Please repeat, exactly as they stand, the line containing "Used 2020 Chevrolet Traverse RS FWD image 7" and the lines after it through the final line of the listing below, minus pictures.

··· Recorded data ···

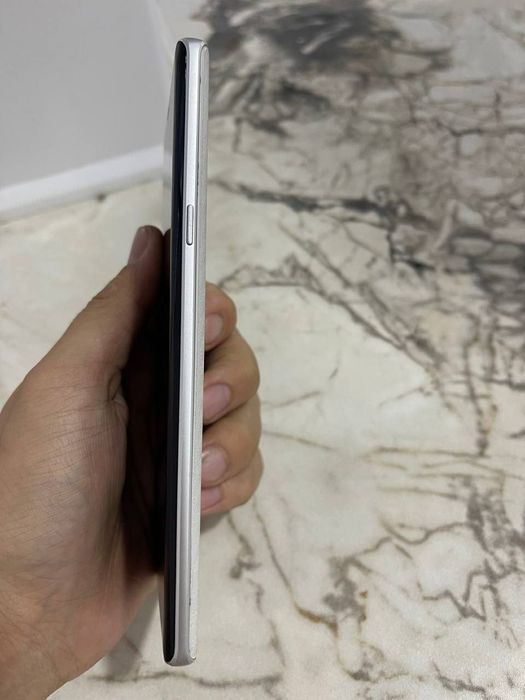 Samsung Galaxy Note 9  holati yaxshi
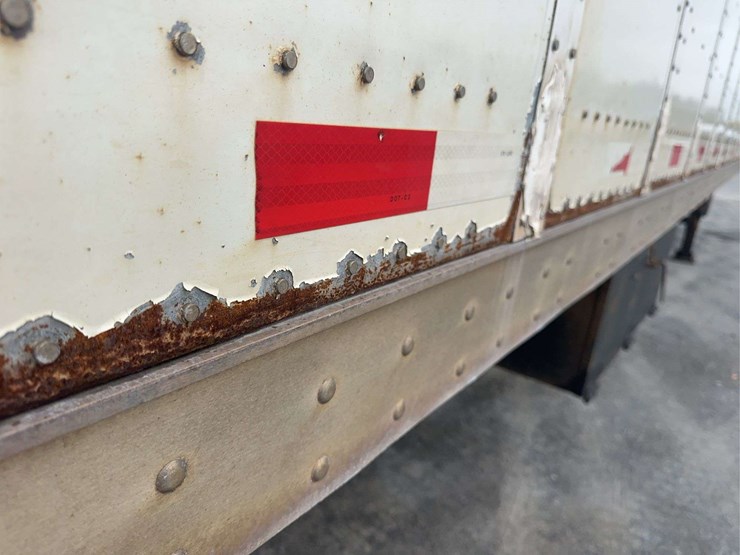 2012-great-dane-van-trailer-image-12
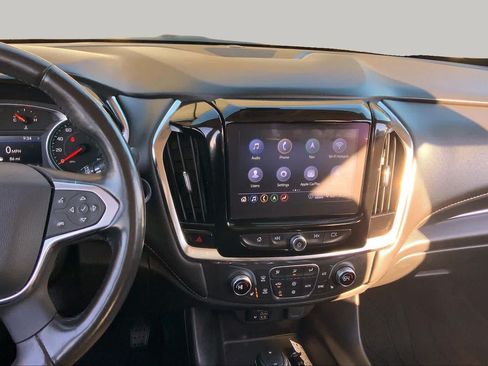 Used 2020 Chevrolet Traverse RS FWD image 7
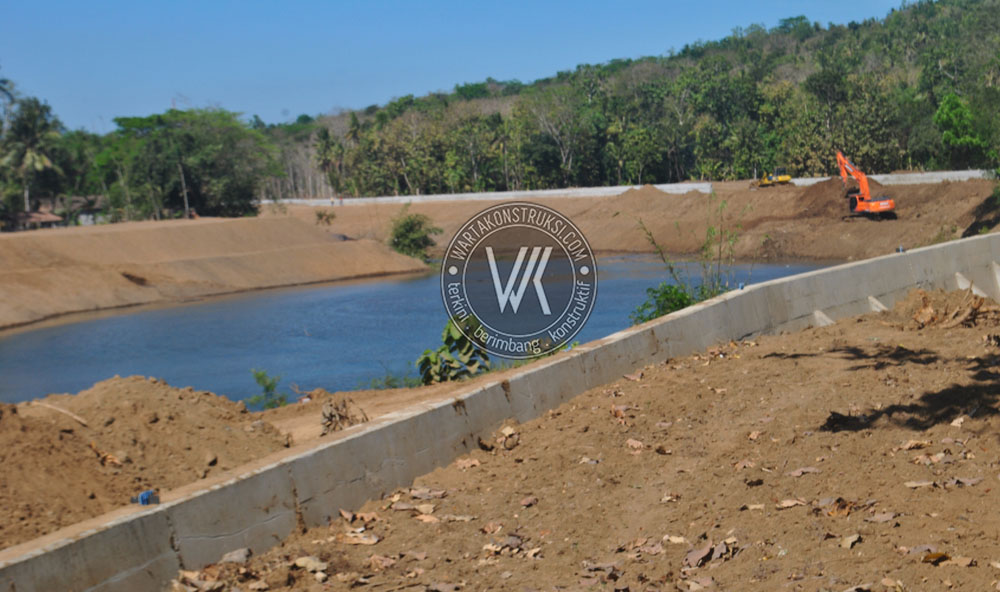 Proses+normalisasi+Sungai+Serang.+Foto%3A+Bhisma+Bharata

···

→ Answer to this problem:
 Used 2020 Chevrolet Traverse RS FWD image 7
 Proses+normalisasi+Sungai+Serang.+Foto%3A+Bhisma+Bharata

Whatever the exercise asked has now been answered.